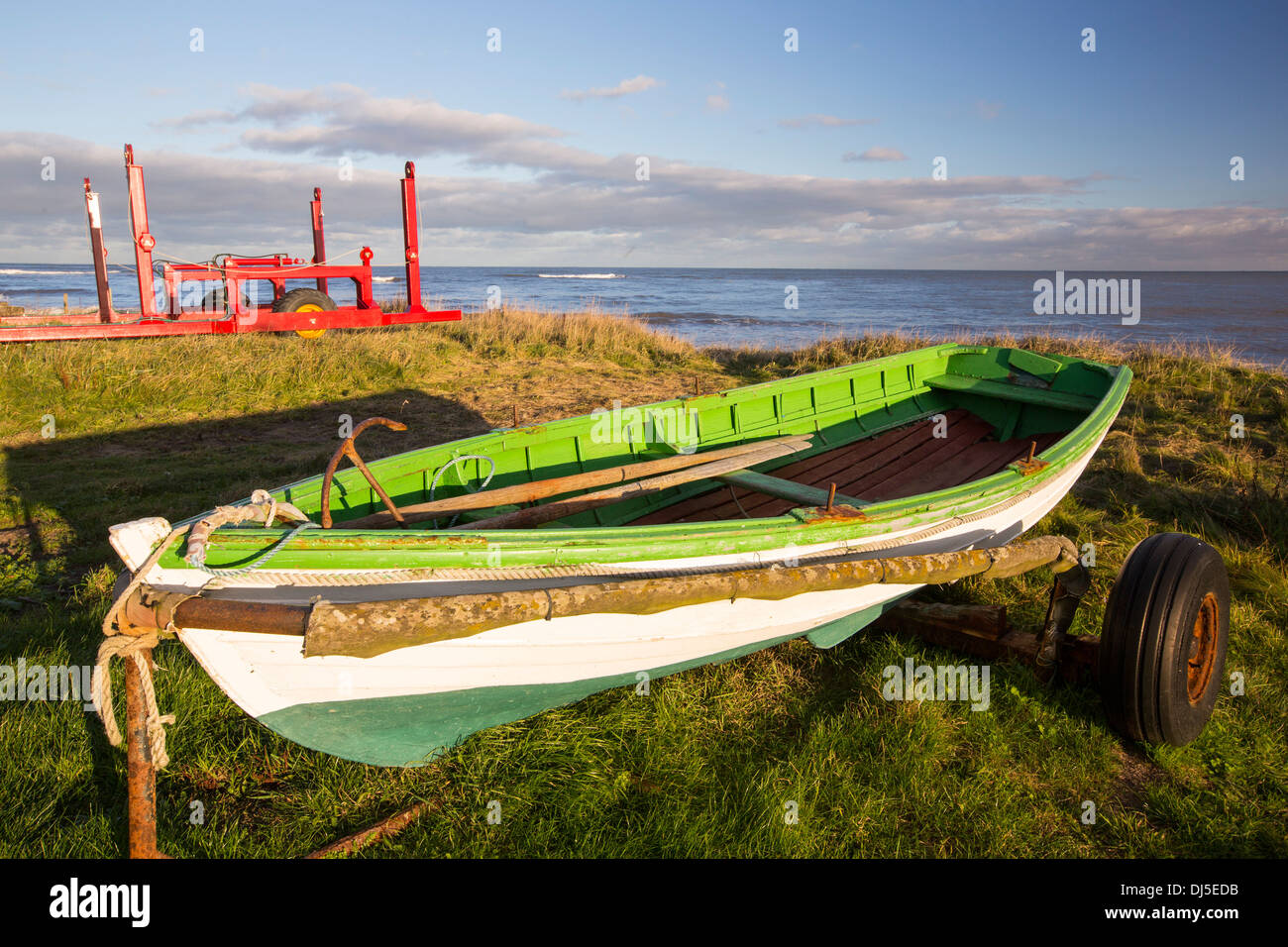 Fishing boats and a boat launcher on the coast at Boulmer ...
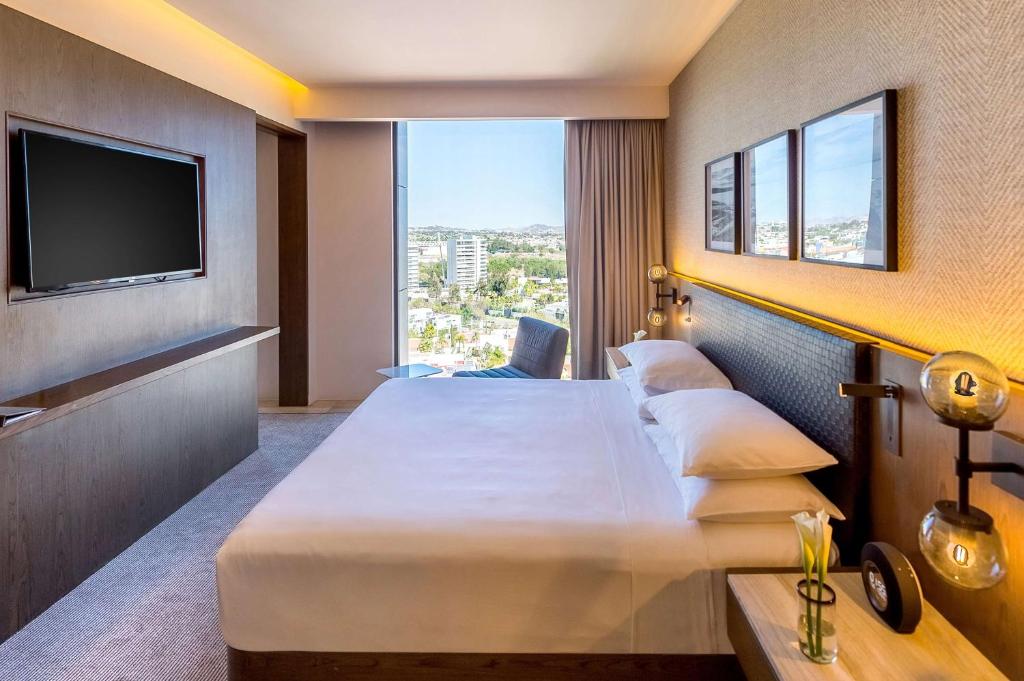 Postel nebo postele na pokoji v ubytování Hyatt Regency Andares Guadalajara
* * *
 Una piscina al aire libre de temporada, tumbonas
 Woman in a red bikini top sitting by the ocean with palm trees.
--
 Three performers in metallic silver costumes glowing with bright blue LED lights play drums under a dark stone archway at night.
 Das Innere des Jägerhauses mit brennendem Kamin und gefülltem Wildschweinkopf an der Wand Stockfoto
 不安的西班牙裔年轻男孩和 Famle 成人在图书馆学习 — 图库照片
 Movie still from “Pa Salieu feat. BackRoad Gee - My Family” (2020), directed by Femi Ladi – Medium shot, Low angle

> _Requirement_:
For the listing above, give the number of lines in which the string "with" occurs, and nothing else.

> _Answer box_:
2